"If This Goes On --"

"If This Goes On --"

I've found an entertaining site for speculative fiction fans like myself, called Paleofuture: The Future That Never Was." The host finds old stories and articles speculating about the future, then looks at what was easy to foresee and what snuck up on everyone. This entry caught my eye: it speculated that future governments would turn most issues into instant public referenda by publicizing the dispute and asking everyone to vote on it electronically at once. Somehow nothing like that seems to have happened. It amuses me to read, nevertheless, because the yearning behind the prediction is for something we already have in an important institution: the free market. The whole theory of the free market is that billions of individual decisions get made in real time every day, spread out to the individual consumers in the farthest corners of the nation and world. These decisions control the allocation of our scarce resources that have alternative uses, merely by setting prices that respond to supply and demand. It's inefficient, wasteful, and cold-blooded, and has only the advantage that it produces more widespread prosperity and avoids more misery than any other system ever tried.

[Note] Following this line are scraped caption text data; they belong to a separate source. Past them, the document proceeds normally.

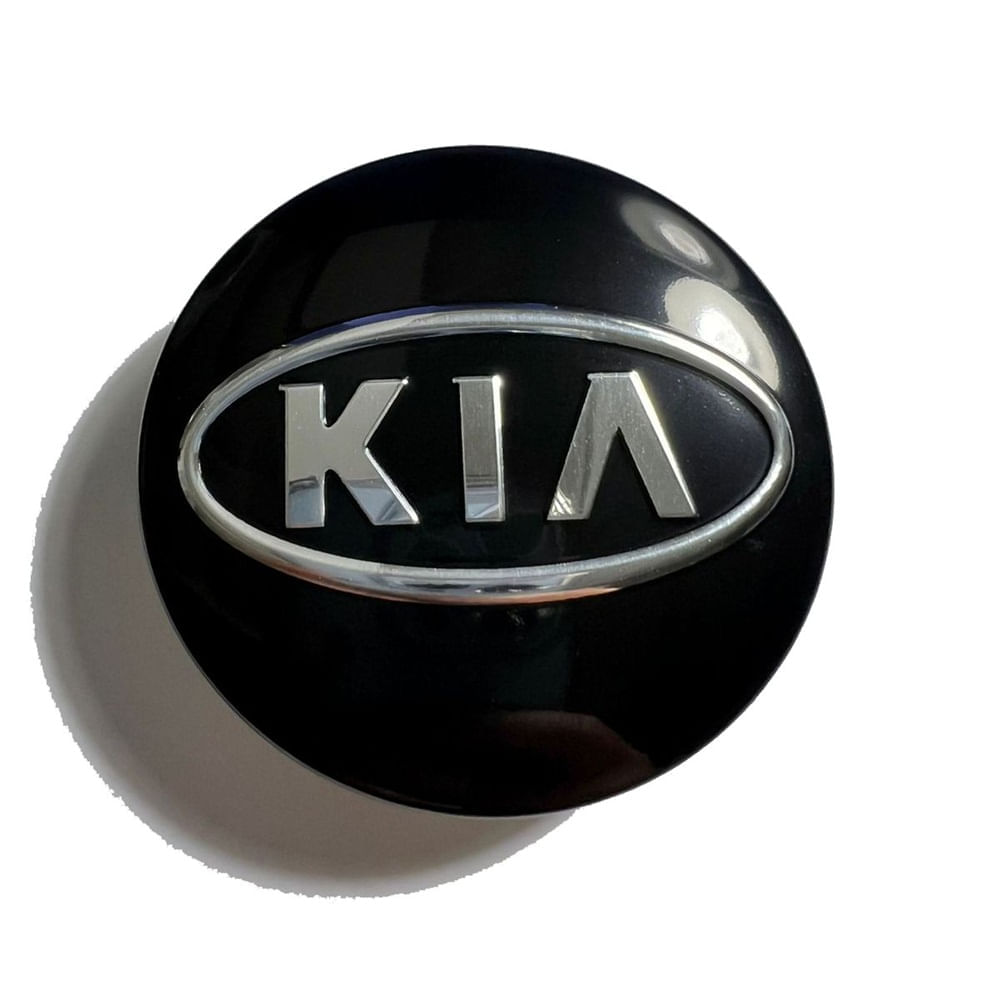 Tapa Central compatible Aro Kia2 58mm (juego 4 Unids)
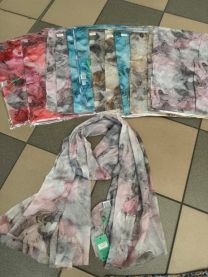 Szaliki damskie (uniwersalny/12szt)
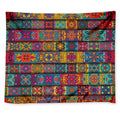 Rectangle Mandala Bohemian Pattern Print Tapestry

Our government reflects the prevailing mindset of Americans, which is to pay lip service to the free market but not really to trust it very thoroughly. I'd be awfully surprised to see the government moving toward frequent plebiscites on any important issues if they could possibly avoid it. Robert Tracinski opines today on RealClearMarkets about how it can have happened that the current administration can have achieved an expense education without learning the first thing about how our economy works:
Consider Obama's background. He grew up among leftists, his childhood mentors were outright communists, and he then went off to academia, where he spent his formative years in an environment where business and profit-making are looked down upon as ugly, dirty, rapacious, immoral. Is it any mystery why he doesn't know about business or economics? Asking him to study the economics of the free market is like asking one of the old New England Puritans to thumb through a manual on sex education. Why immerse oneself in a subject that is so unseemly? Why make a study of how to be immoral?
Meanwhile, what I'm hoping for from the future is a better way to perform a certain exam that people of my age are all too familiar with. Preparation the day before involves drinking a very large quantity of a substance that tastes like melted jello infused with the flavor of old latex gloves, flavored with off-brand diet soda. I hope all your prayers and good thoughts will be with me as I await the results this afternoon.